|By arielle on Tuesday, June 10, 2003 - 11:22 am: Edit Post|
I am in Americorps, and of course we fall under the same repressive rules as you all do, namely the "Hatch Act". What a joke this is! I mean, the simple fact that we have decided to join Peace/Americorps is political in and of itself, there is no way that this is apolitical, or that we could pretend that it is. I have continuosly joined in anti-imperialist ralleys, wearing my americorps garb--intentionally...if it is not we who speaks up and out, when we are the ones exposed to the realities of class war, gender war, etc etc, then who will speak? The whole premise of Americorps is to "Eradicate Poverty"! This makes me laugh, and then it makes me sick. The realities of such a lofty proclamation, is false and attempts to give us some kind of hope that if we work hard enough and organize then we will see some fundamental change/results. No, No, No, for this would actually *solve* our paradigm in which we live--the neo-capitalists wish nothing of the sort, which is why we are seeing drastic cuts in VISTA*, yet we can create these fascists programs such as "Homeland Security" Americorps? Or create a new program that goes into rural communites only to inondate them with the whole "get married, because its beneficial tax wise?!" What the hell is going on in this country? I'm so confused.....alas this is when paradigmatic deconstruction is needed right now---or dare i say...an uprising? to idealisitic? i think not....ok thanks for reading...bye...=^#92;
|By hugh campbell on Tuesday, June 10, 2003 - 12:29 pm: Edit Post|
I agree with the PC decision.
First of all, PC is not a political organization, and can not afford to be associated with political causes in the countries where it works. In Nicaragua, we still have problems getting our work done because many people, for some reason, associate the PC with anti-Sandinista political parties (Daniel Ortega disallowed the Peace Corps in Nicaragua during his term).

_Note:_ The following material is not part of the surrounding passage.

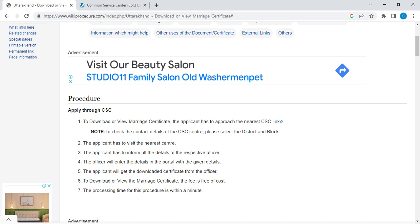The fee for downloading the marriage certificate is free of cost, but some CSC Centers may charge for printing. The processing time for this process takes up to 5 to 10 minutes.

Secondly, your first ammendment rights apply IN THE UNITED STATES. It doesn't matter if you are a US citizen, it is PURELY ARROGANT to think you can carry these rights to other countries. Try protesting religious opression in Iran and you'll find yourself sentenced to death by stoning.
Let's remember, as PC volunteers, part of our job is to be culturally sensitive. What goes in the US doesn't necessarily go in other countries, particularly if it makes the PC's mission more difficult.
|By ari on Tuesday, June 10, 2003 - 12:52 pm: Edit Post|
First, perhaps you misunderstood me, I am not in a different country, I am in America. If I were in another country I would certainly NOT proclaim my constitutional rights as an American--I'm not stupid. Secondly, I think it is up to us that are entrenched in these communities, to speak up---again I am in Americorps NOT Peace Corps...please re-read my post....and I still disagree with your position regarding these programs as being apolitical----but I also understand where you're coming from---esp in the sense of being in another country--ok bye...
|By Bill Wilson on Tuesday, June 10, 2003 - 9:43 pm: Edit Post|
For the record, if I thought joining the peace corps or any organization implied that I followed a particular political philosophy, I'd never consider it. My political views aren't bound by one side's narrow boundaries. And if the Peace Corps or The Americorps are so narrow minded as to only accept those of a particular political bent, I'd not want to be associated with either of them .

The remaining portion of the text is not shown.